> [Source data]
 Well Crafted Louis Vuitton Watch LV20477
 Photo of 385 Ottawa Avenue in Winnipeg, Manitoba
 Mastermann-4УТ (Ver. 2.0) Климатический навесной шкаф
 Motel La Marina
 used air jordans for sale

==

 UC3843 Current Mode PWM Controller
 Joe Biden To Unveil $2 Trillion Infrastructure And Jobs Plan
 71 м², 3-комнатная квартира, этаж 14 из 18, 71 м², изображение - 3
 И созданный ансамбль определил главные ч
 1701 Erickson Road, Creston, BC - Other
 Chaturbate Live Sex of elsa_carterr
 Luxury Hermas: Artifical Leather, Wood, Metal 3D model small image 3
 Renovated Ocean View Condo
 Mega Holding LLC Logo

> [Task directions]
Using the data above, transcribe the lines that run from the line with "И созданный ансамбль определил главные ч" to the line with "Mega Holding LLC Logo", both ends kept, and output nothing else.

> [Exercise response]
 И созданный ансамбль определил главные ч
 1701 Erickson Road, Creston, BC - Other
 Chaturbate Live Sex of elsa_carterr
 Luxury Hermas: Artifical Leather, Wood, Metal 3D model small image 3
 Renovated Ocean View Condo
 Mega Holding LLC Logo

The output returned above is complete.